Of all the entries below, retype only the lines from the one with "Picture 03 - Wyjścia" through the one with "Clairefontaine 785361C - 1", exactly as they appear.

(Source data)
....................

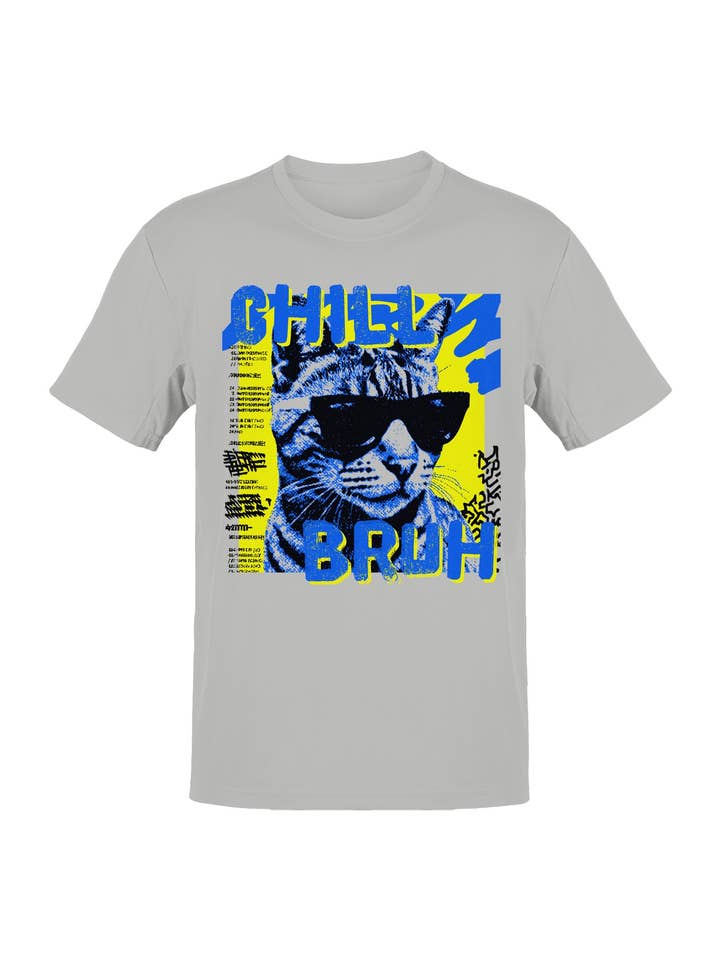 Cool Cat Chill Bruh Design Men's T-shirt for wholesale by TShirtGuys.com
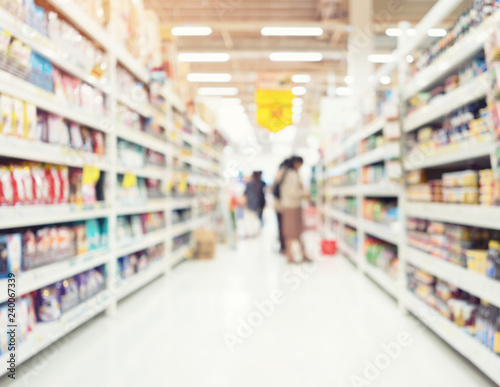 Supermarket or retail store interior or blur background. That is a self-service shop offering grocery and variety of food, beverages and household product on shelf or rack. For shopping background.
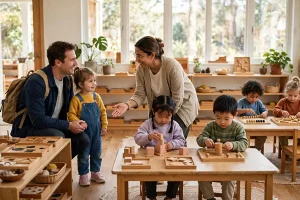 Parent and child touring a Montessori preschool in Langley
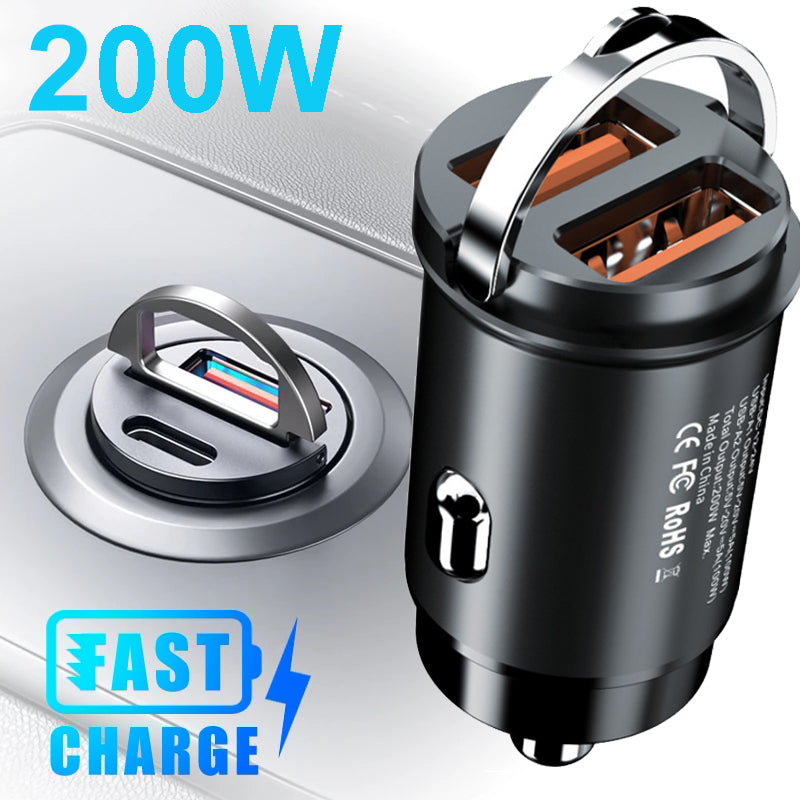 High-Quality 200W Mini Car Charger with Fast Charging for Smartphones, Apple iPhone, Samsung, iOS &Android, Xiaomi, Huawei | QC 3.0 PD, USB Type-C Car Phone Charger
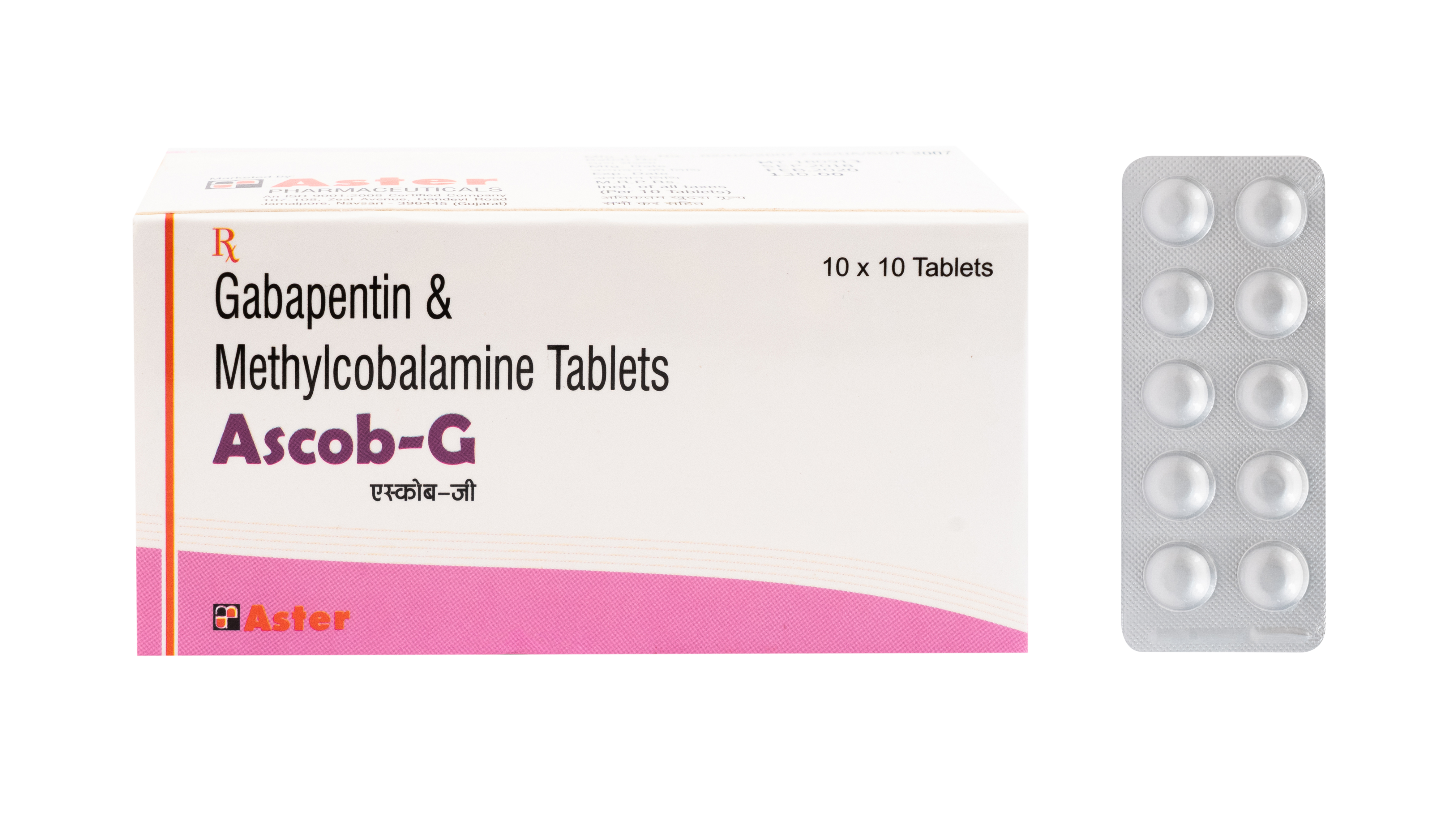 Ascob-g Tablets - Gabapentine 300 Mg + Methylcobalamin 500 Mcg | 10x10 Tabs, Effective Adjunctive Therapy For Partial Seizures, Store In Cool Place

....................

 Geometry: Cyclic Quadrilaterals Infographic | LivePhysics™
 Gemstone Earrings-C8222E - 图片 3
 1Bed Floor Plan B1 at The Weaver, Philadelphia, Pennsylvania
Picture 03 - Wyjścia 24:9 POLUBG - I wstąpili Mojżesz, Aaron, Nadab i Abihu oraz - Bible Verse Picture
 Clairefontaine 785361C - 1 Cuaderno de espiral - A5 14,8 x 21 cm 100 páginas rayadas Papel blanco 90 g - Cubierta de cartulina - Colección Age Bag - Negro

....................

§ Completed exercise
Picture 03 - Wyjścia 24:9 POLUBG - I wstąpili Mojżesz, Aaron, Nadab i Abihu oraz - Bible Verse Picture
 Clairefontaine 785361C - 1 Cuaderno de espiral - A5 14,8 x 21 cm 100 páginas rayadas Papel blanco 90 g - Cubierta de cartulina - Colección Age Bag - Negro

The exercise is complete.